**Work instruction:** Could you retype exactly the line containing "Blusa de Renda Regata Assimétrica Bege Claro" and every line after it in the data below, leaving out the pictures?

Pictures with short captions
━━━

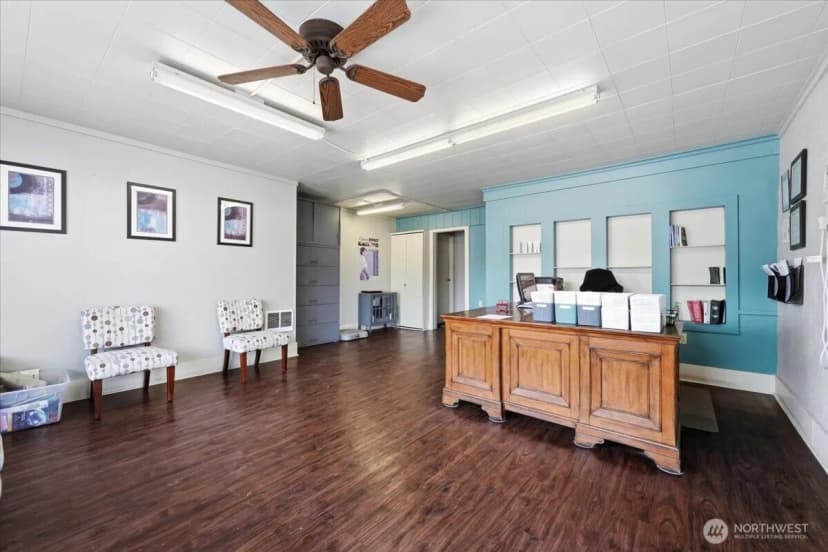 Property photo for 21 W 4th Avenue, Omak photo 3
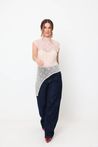Blusa de Renda Regata Assimétrica Bege Claro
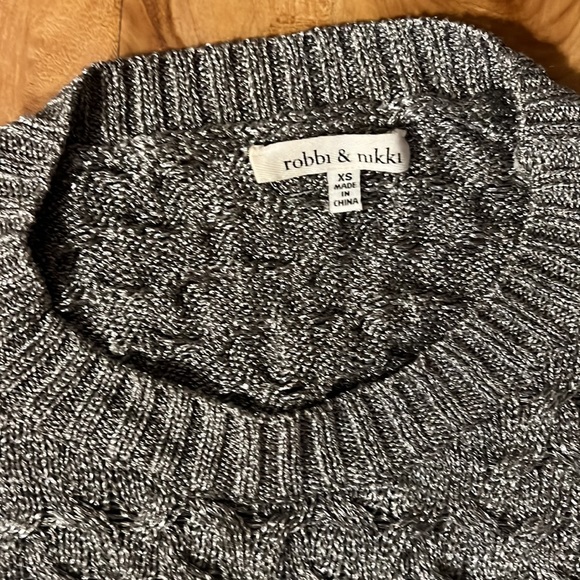 Robbi and Nikki sweater - Picture 2 of 4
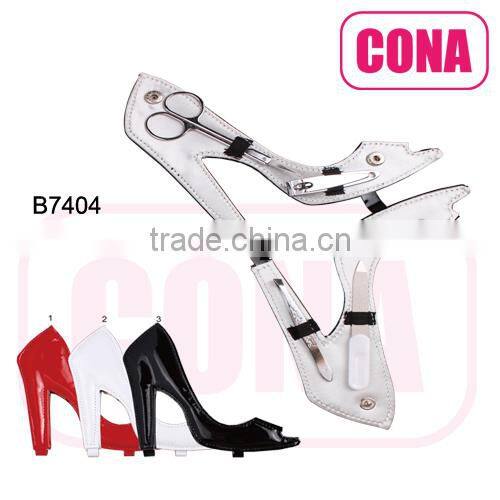 manufacturing latest Manicure Pedicure Set by China supplier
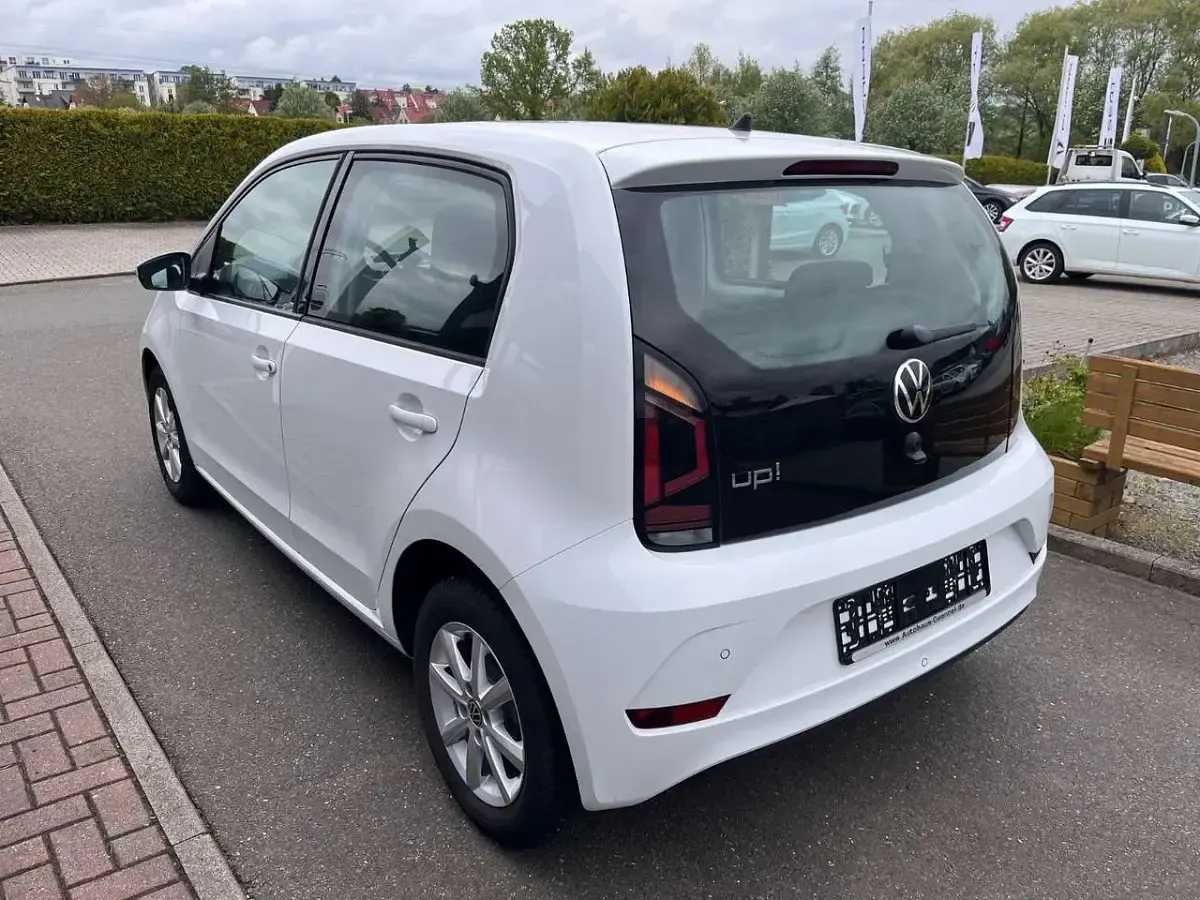 Second-hand VW up! 65 CP (47 kW) 2020 Alb Hatchback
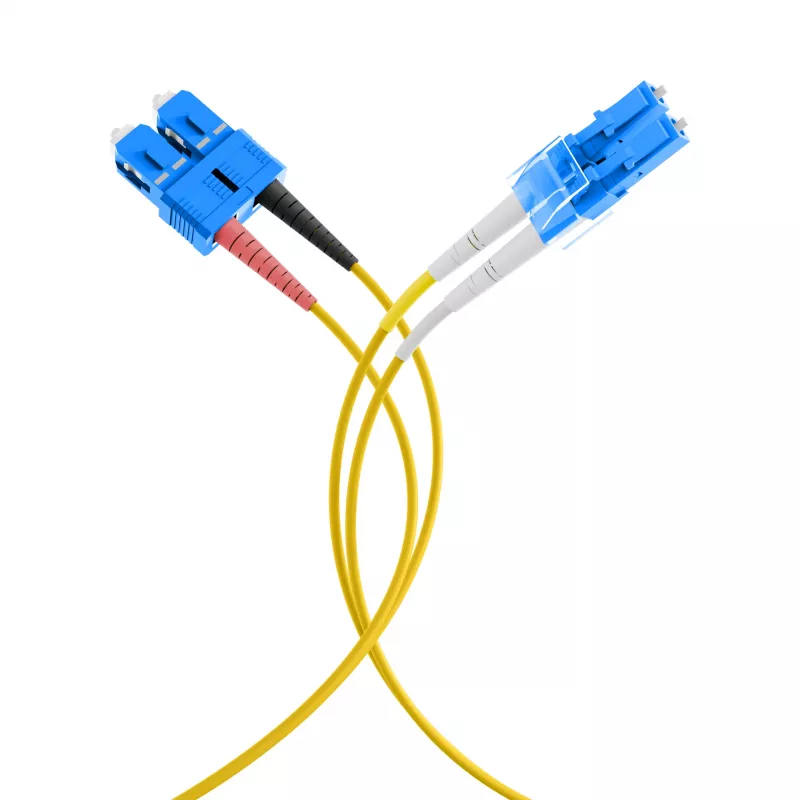 EFB Elektronik IPL-DF-LCUSCU-2-0200 Duplex OS2 yksimuotokuitu-patchkaapeli, LC/UPC - SC/UPC, 2 m, keltainen, LSZH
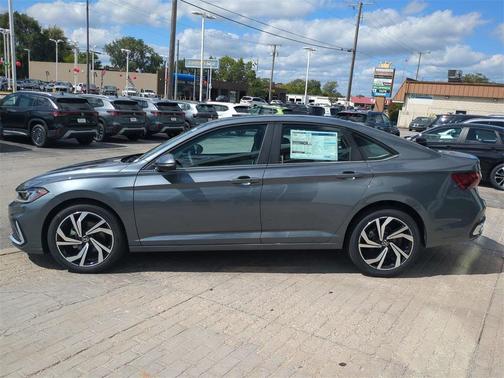 2025 Volkswagen Jetta 1.5T SEL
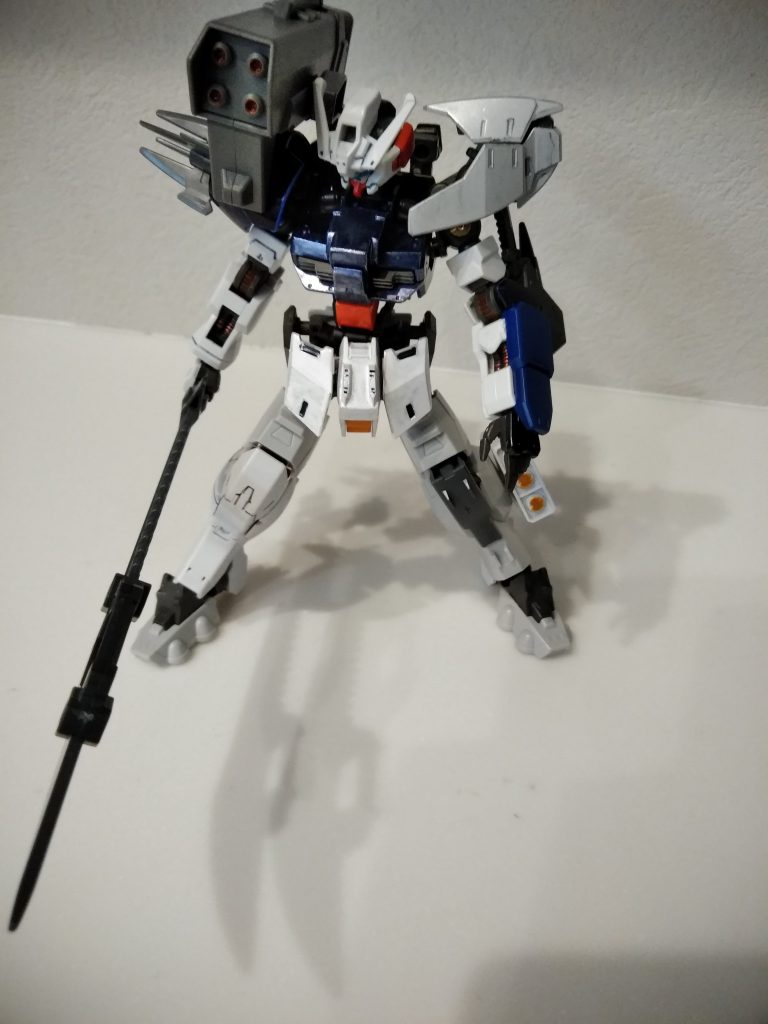 わかりづらいですが
ツインアイはバイザーです!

━━━

**Answer for the task:**
Blusa de Renda Regata Assimétrica Bege Claro
 Robbi and Nikki sweater - Picture 2 of 4
 manufacturing latest Manicure Pedicure Set by China supplier
 Second-hand VW up! 65 CP (47 kW) 2020 Alb Hatchback
 EFB Elektronik IPL-DF-LCUSCU-2-0200 Duplex OS2 yksimuotokuitu-patchkaapeli, LC/UPC - SC/UPC, 2 m, keltainen, LSZH
 2025 Volkswagen Jetta 1.5T SEL
 わかりづらいですが
ツインアイはバイザーです!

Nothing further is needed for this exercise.